Background Adequate assessment of disease activity in patients with systemic lupus erythematosus (SLE) using disease activity index, evaluating the extent of organ damage and quality of life, contributes to better monitoring, treatment, and improved prognosis in SLE patients. Organ damage element of the index in SLE patients predicts further organ damage and is associated with increased risk of mortality.

Objectives Our aim was to examine the correlation between organ damage and disease activity, quality of life, and severity of fatigue. Risk factors for organ damage in SLE patients were established.

Methods The study enrolled 83 SLE patients with disease duration of over 6 months, hospitalized at the Institute “Niška Banja” in 2012, out of which 6 men (7.2%) and 77 women (92.8%), aged 45.8±9.2 years on the average, with average disease duration of 10.6±7.9 years. Disease activity was assessed using the Systemic Lupus Erythematosus Disease Activity Index (SLEDAI) and physician's global assessment, and degree of damage was assessed using the Systemic Lupus International Collaborating Clinics/American College of Rheumatology Damage Index for SLE (SLICC/ACR Damage Index - SDI). Quality of life was assessed based on the standardized Medical Outcome Survey Short Form 36 (SF-36), and severity of fatigue using the Fatigue Severity Scale.

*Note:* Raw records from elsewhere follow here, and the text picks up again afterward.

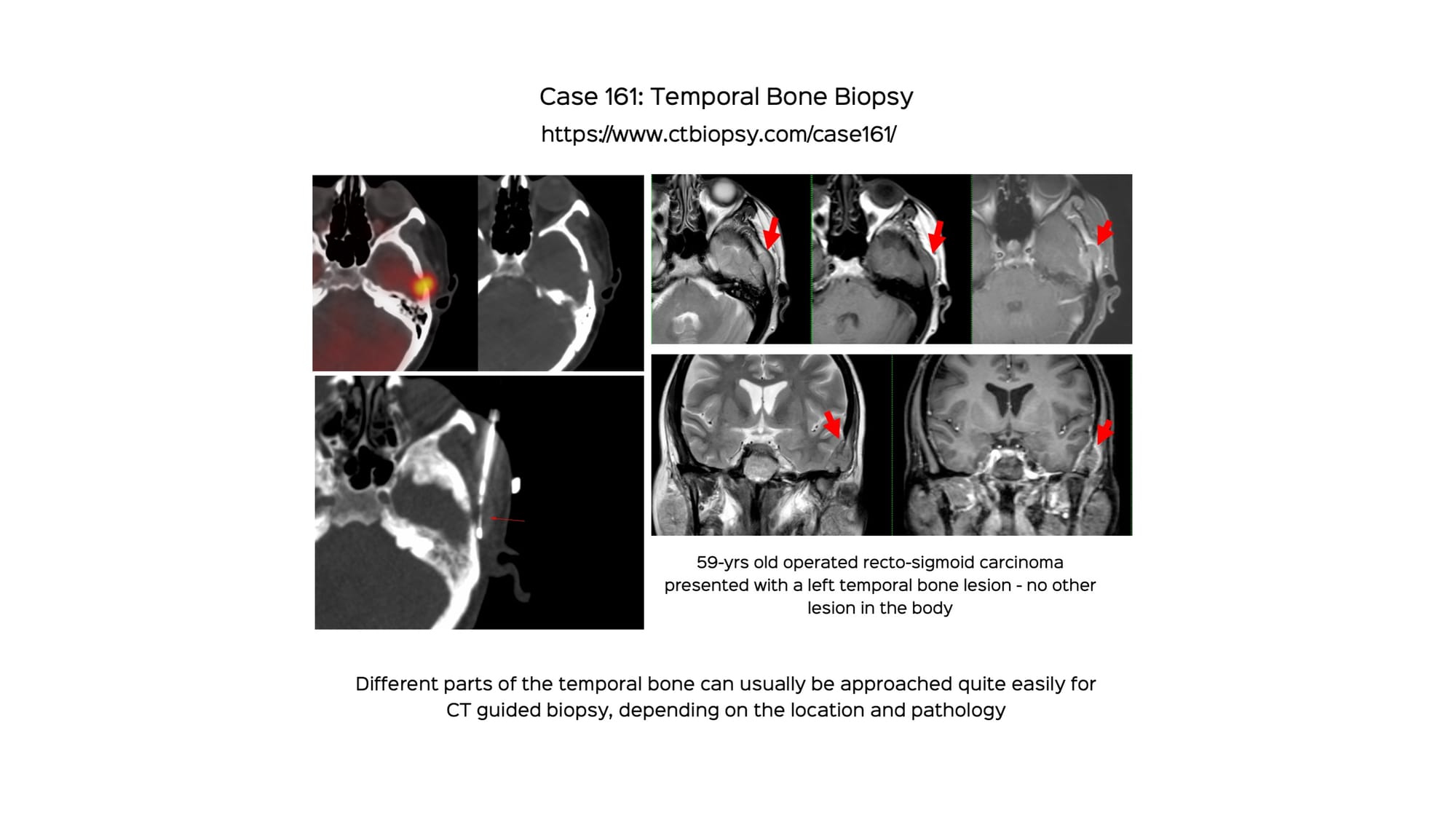 Case 161: Temporal Bone Biopsy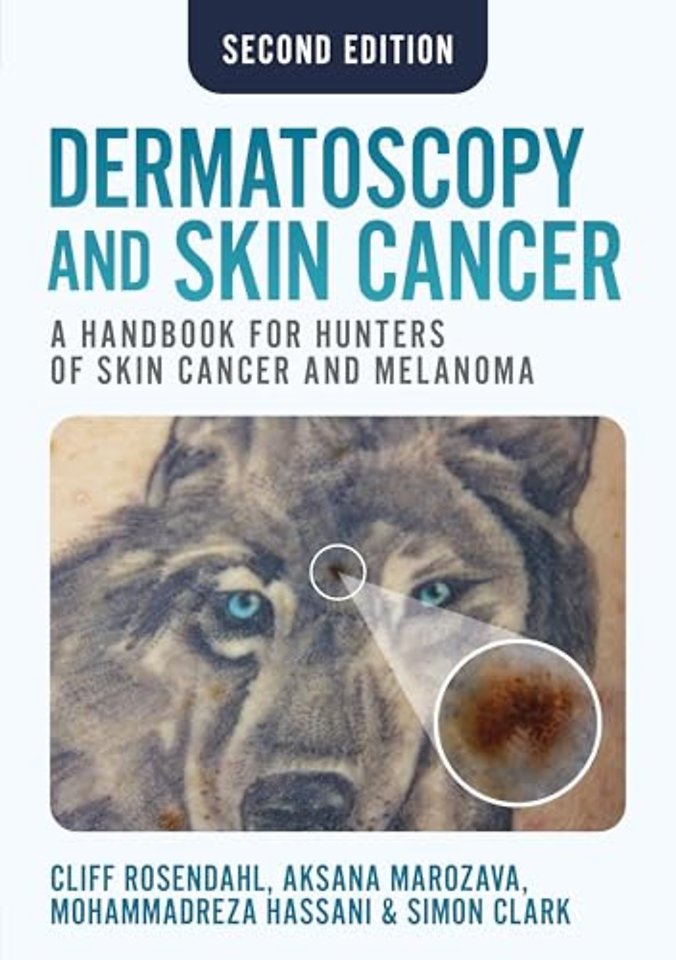 Dermatoscopy and Skin Cancer, second edition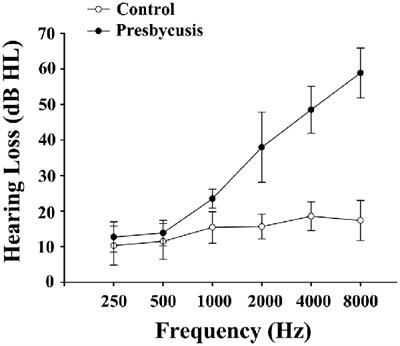 Presbycusis Disrupts Spontaneous Activity Revealed by Resting-State Functional MRI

Results Average SDI value was 1.8±1.9 (median 1, min. 0, max. 9), and average SLEDAI was 10.9±7.4. Our results demonstrated that SDI was positively correlated with SLEDAI, global physician's assessment, and severity of fatigue (r=0.359, p=0.001; r=0.357, p=0.001; r=0.296, p=0.007, respectively), being associated as well with poorer quality of life. Univariant analysis demonstrated that age, disease duration (especially if over 10 years- OR 3.368, CI95% 1.01-11.34, p=0.045), high disease activity at global physician's assessment, as well as the use of Azathioprine, were all independent risk factors for organ damage. Use of Chloroquine was an important protective factor regarding organ damage (OR 0.378, CI95% 0.14-0.99, p=0.048). Our results demonstrated that the levels of anti-dsDNA antibodies, anti-nucleosome, anti-C1q antibodies, as well as the level of monocyte chemoattractant protein-1 in the serum and urin, were not predictors of organ damage. Multivariant logistic regression showed that high disease activity at global physician's assessment (OR 31.839, 95CI% 2.33-435.58, p=0.01) and use of Azathioprine (OR 7.256, 95CI% 1.37-5.63, p=0.005) were the strongest predictors of organ damage.

Conclusions Organ damage in SLE patients increases with advancing age and disease duration. The strongest predictors of organ damage are high disease activity at global physician's assessment and use of cytostatic agents. Use of Chloroquine can afford some protection against organ damage.